What Smith saw was the intricate interplay between the needs and desires of customers and the self-interest of a risk-taking capitalist. That is the core transaction of the capitalist system. Without so much as a glance at discounted future cash flow, Smith implicitly understood that for a business the important thing was the population for which a business might add value. The issues for the entrepreneur involve the accuracy of their estimate of that market, the share of that market they might expect to win, the revenues they might expect to receive, and the profit margin they might expect to realize on those revenues.

In short, Adam Smith's thinking may not ordinarily be very helpful in the after-market we call "the stock market" but is central to the universe of young and innovative companies. It is directly connected with the way businesses and customers are conjoined. What a business does for its customers, he implies, provides an outline of its ultimate value. For this reason, I see the conjunction of businesses and customers as potentially useful in thinking about leading companies in the current market, especially for those companies which cannot be analyzed usefully by the standard market metrics of sales, margins, earnings, PE, and discounted cash flow.
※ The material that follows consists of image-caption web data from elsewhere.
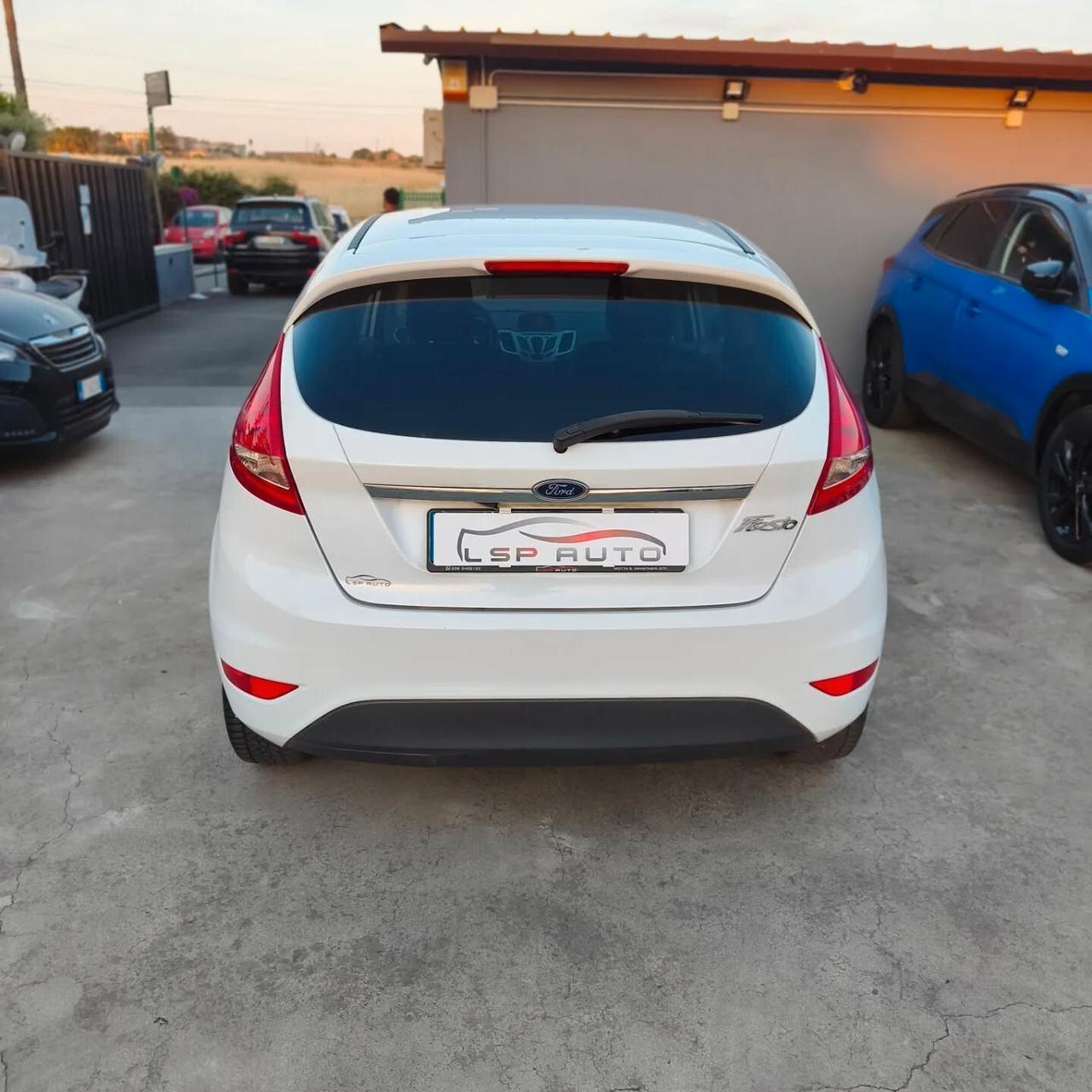 Ford Fiesta 1.2 Titanium SOLI 2.190EURO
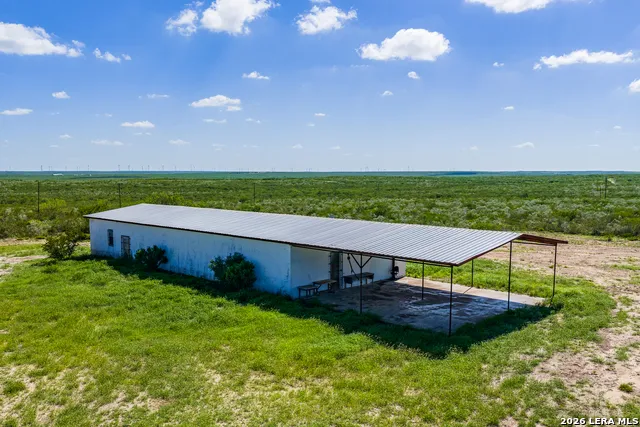 111 Los Lomas Ranch Road Freer, TX 78357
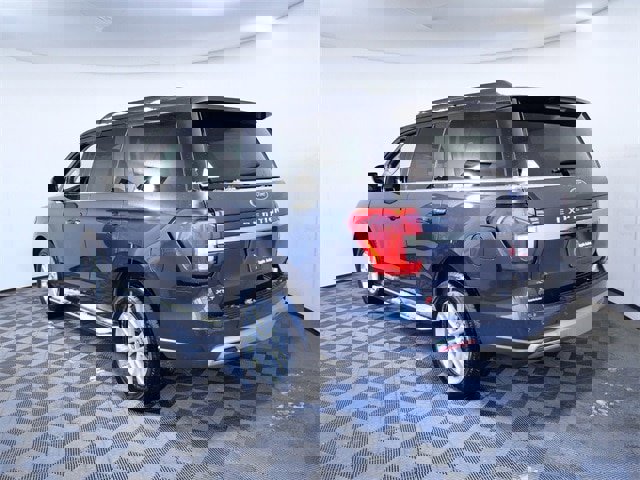 Certified 2022 Ford Expedition XLT image 6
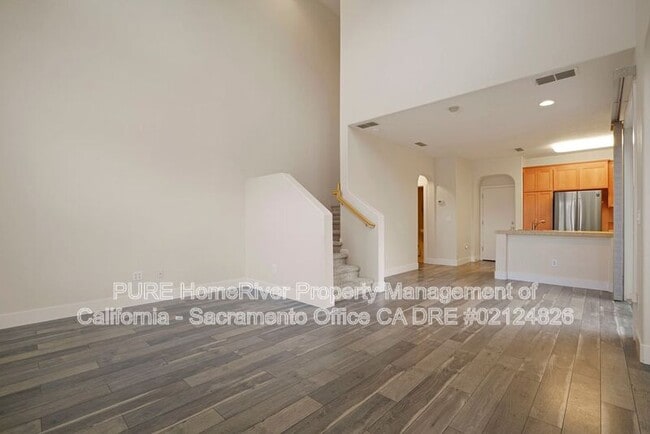 Photo - 11091 International Dr
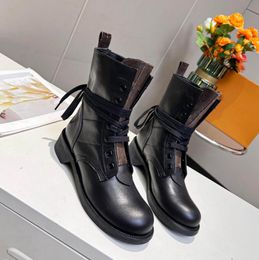 Luxury Designer Metropolis Flat Ranger Ankle Boots Calfskin Martin Leather And Canvas Combat Boot Platform Desert Winter Martin Sneakers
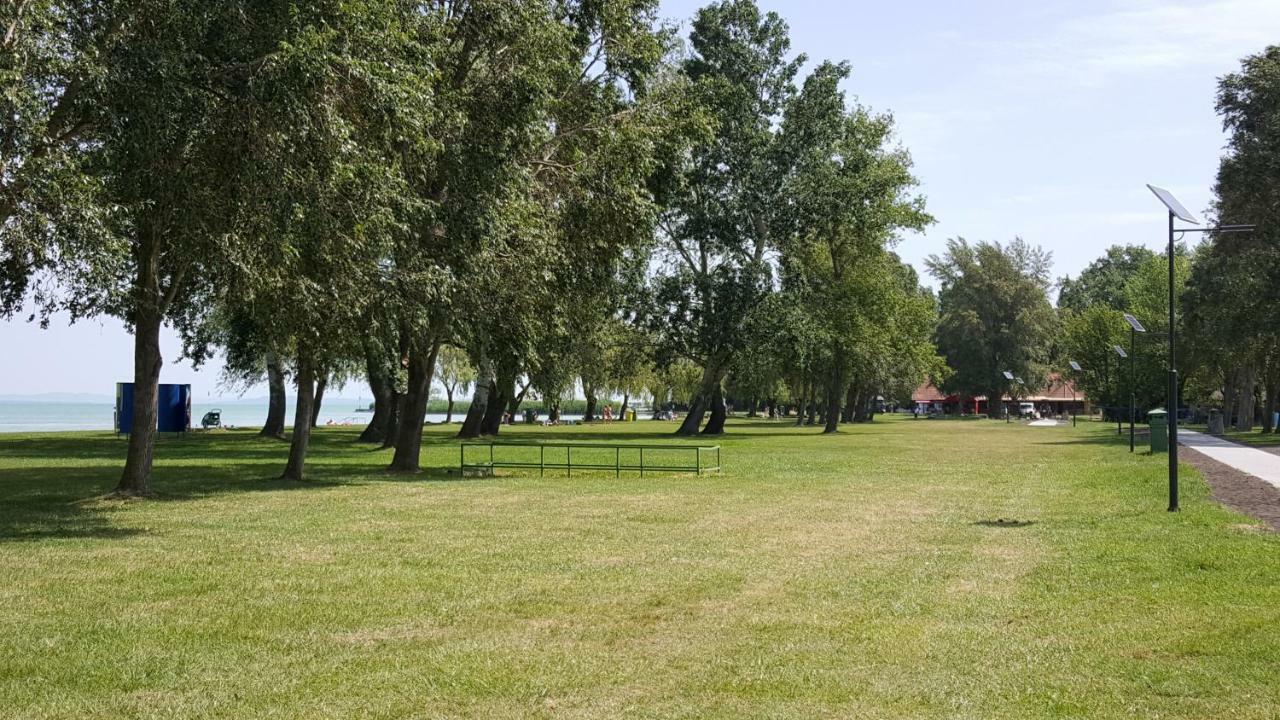 Lelle Resort Cb34 Balatonlelle Luaran gambar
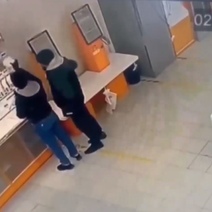 В Оренбурге воры-гастролеры убегали от полиции с 15 этажа по простыням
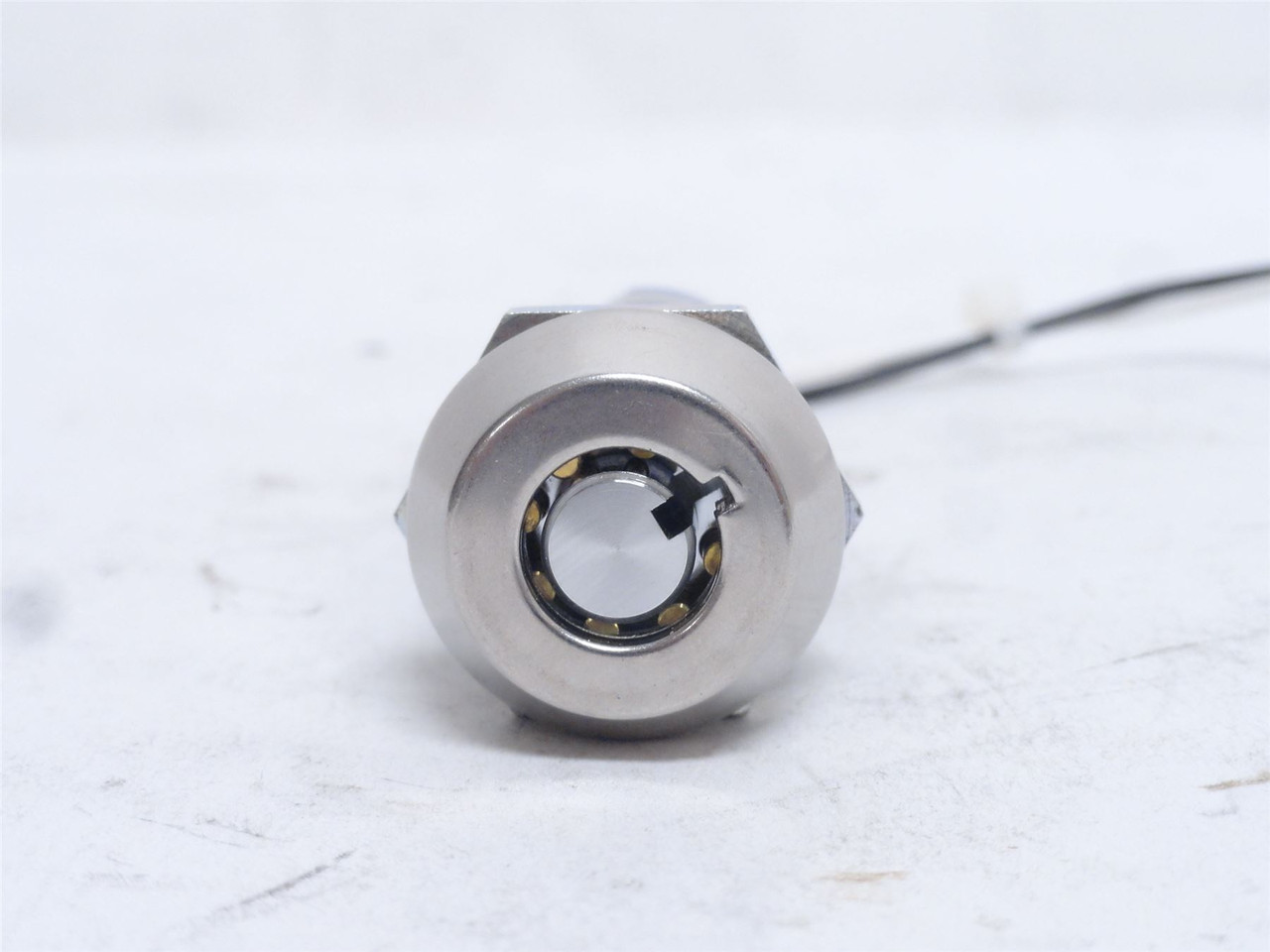 Takigen S-8-90-B-S205; Cabled Key Switch; 125VAC; 3A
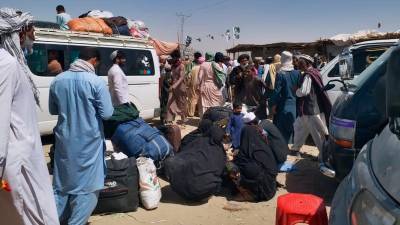 Толпы людей стекаются к границам Афганистана в надежде уехать из страны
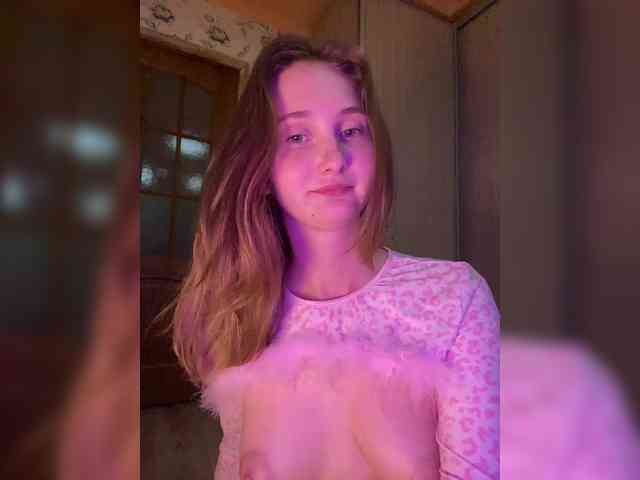 online webcam porn PeachGirl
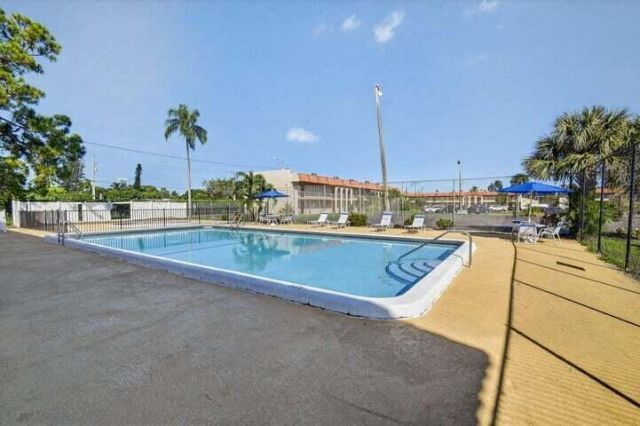 6094 Forest Hill Boulevard, Unit 106, West Palm Beach, FL 33415 Photo
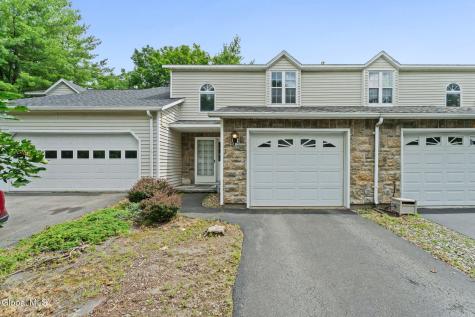 22 Woodside Drive Albany NY 12208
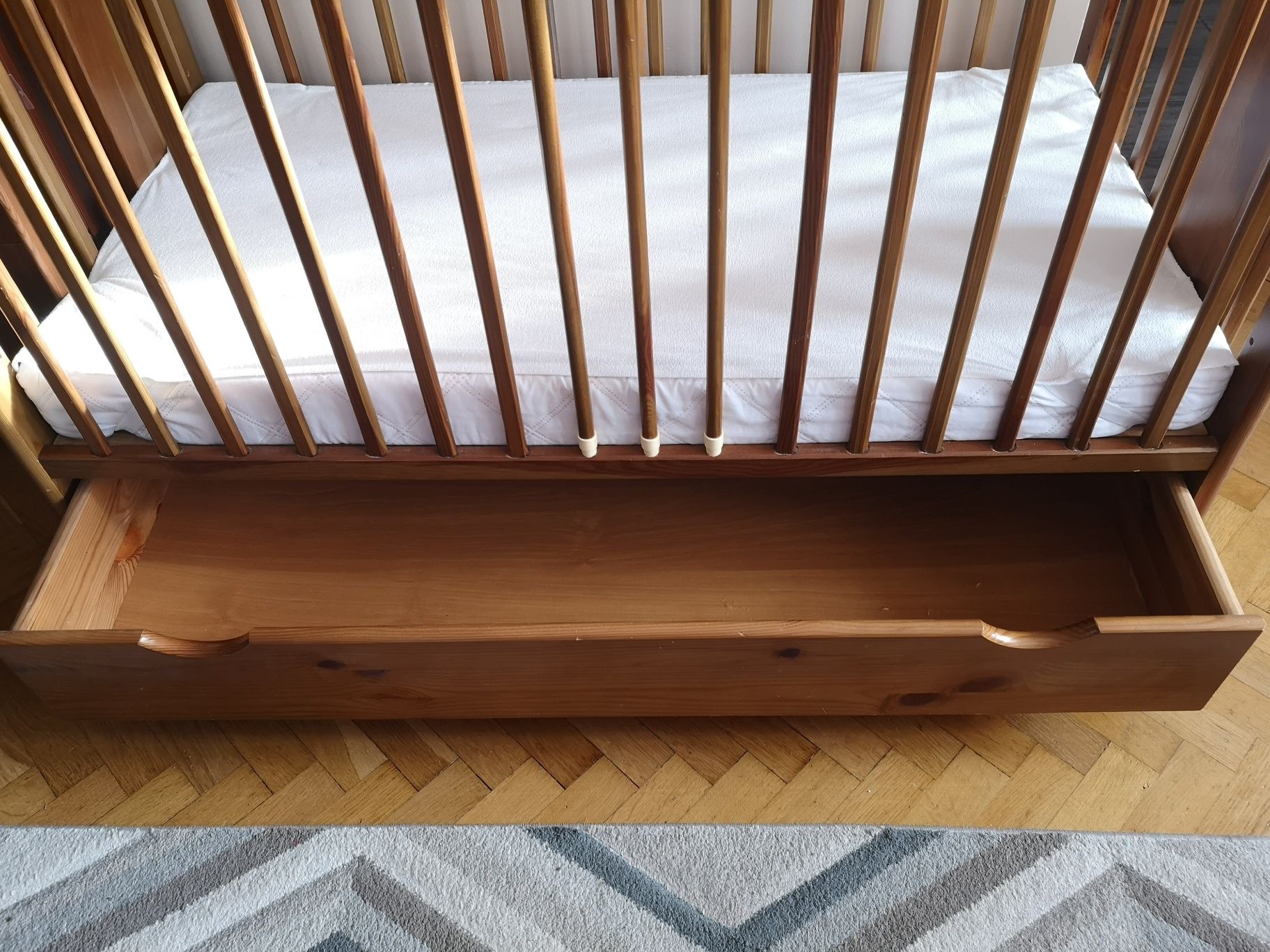 Łóżeczko dziecięce z szufladą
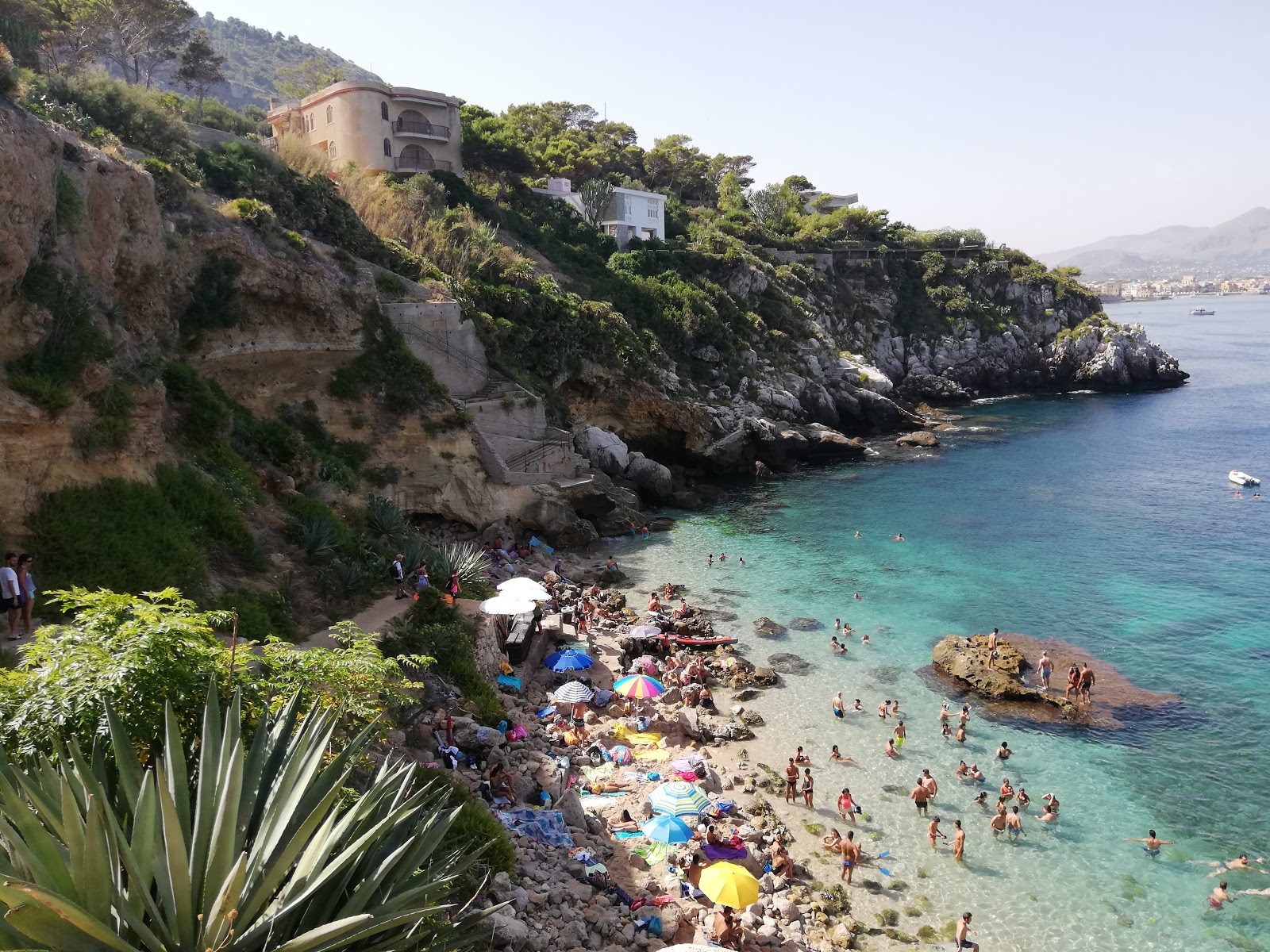 Foto van Spiaggia dei Francesi gelegen in een natuurlijk gebied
In Adam Smith terms, a company should be worth a reasonable return for what it contributes to the greater good of the general populace. This single sentence is at the heart of what I am calling the "Adam Smith Model" of valuation. Does it actually work when trying to value innovative companies? Can one make decisions based on this model? To a large degree I think it is the only really helpful approach in valuing companies driven by new products and concepts.

To show how this sort of analysis might work, I will start with my daughter's portfolio of innovative biotech companies, which she put together in the early days of the pandemic. It is a pretty good model of the kind of thing I have always kept a careful distance from. Her surprising success with this portfolio prompted my own internal debate.

My daughter is a bright young woman who will soon turn 50. She has a doctorate in art history from Penn but retrained as a nurse in order to live in the woods in western Massachusetts and raise her children as a single mom close to nature and away from urban centers. Her life is modeled more on Thoreau's Walden than on Ben Graham's The Intelligent Investor. Despite sitting at my dinner table for seventeen years she remained almost entirely ignorant about financial markets until recently. The after-market in stocks seemed to her insufficiently serious to deserve her attention, which might well have been Adam Smith's view had he lived to see it. I confess to having had similar thoughts myself at times but have suppressed them.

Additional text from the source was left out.